Fellow researchers,
please comment on the draft board report below.
Thanks,
Bernd
= Apache Labs Board Report, September 2010 =
Apache Labs hosts small and emerging projects from ASF committers.
[SUMMARY]
There has been moderate activity at Labs in the last quarter.
The PMC took care of stati for labs which saw no activity for a long time.
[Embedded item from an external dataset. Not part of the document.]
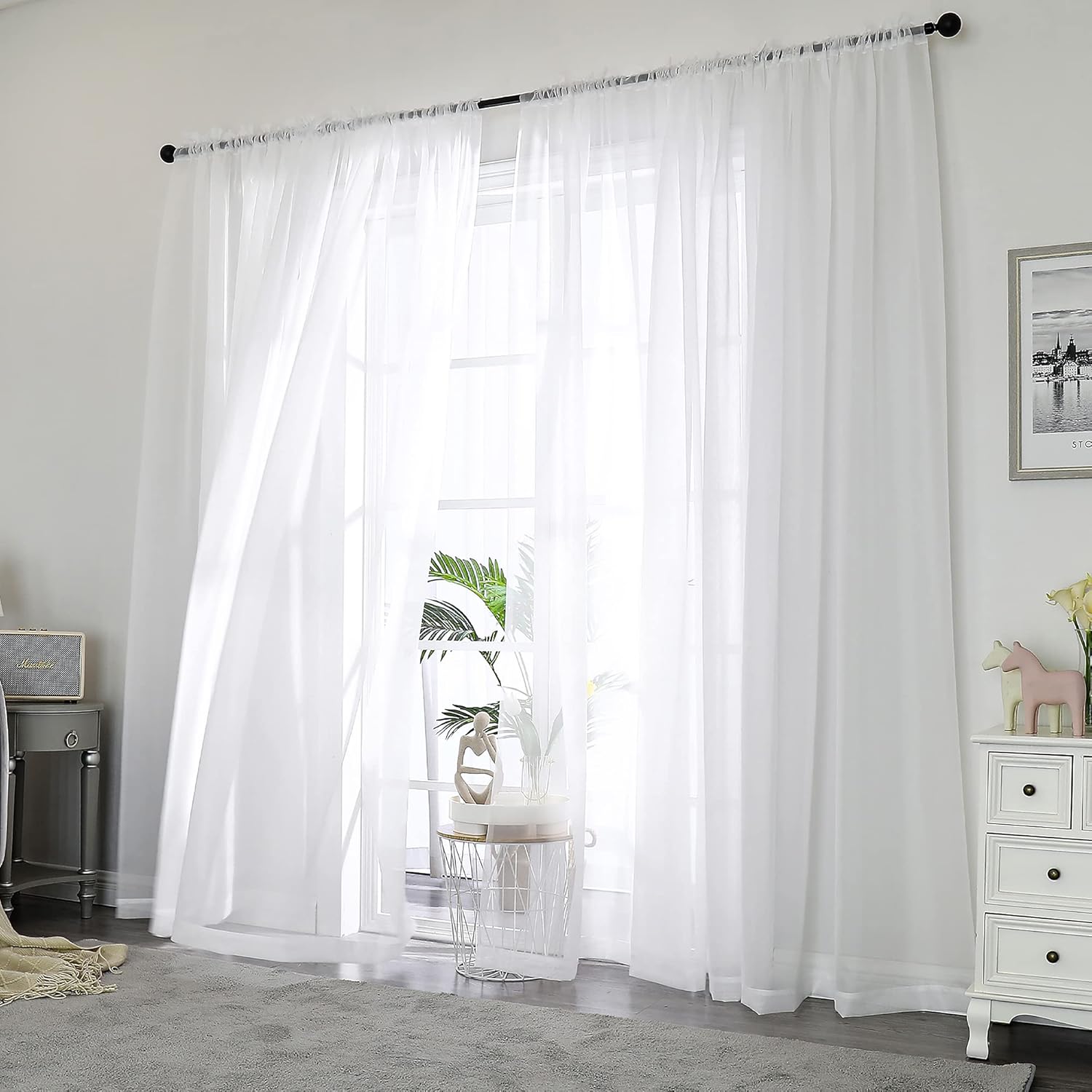 Chyhomenyc White Sheer Curtains 84 Inches Long 2 Panels Set - Light Filtering White Curtains for Living Room, Soft Gentle Voile Rod Pocket Bedroom Window Drapes, 42Wx84L Inch, 2PCS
We present one issue to the board, please see below.
[DETAILS]
== Labs Statistics ==
- new: 1
- status changes (last 3 months): 14 (see 'Housekeeping')
- total number: 33
- active: 11
- idle: 15
- promoted: 3
- completed: 3
- labs with commits: magma, penihip, jaxMas, mouse
== New Labs =
oak (PI: Jukka Zitting): No, not a re-implementation of ancient Java,
but "HTTP-based hierarchical resource store", written in JS and Clojure.
== Re-activated labs ==
None.
== Housekeeping, Status changes ==
During the last quarter, we identified all labs with no activity for at
least one year.
We notified their PIs and - after a vote - changed all their stati to
idle, if the PI hadn't himself already taking care of this.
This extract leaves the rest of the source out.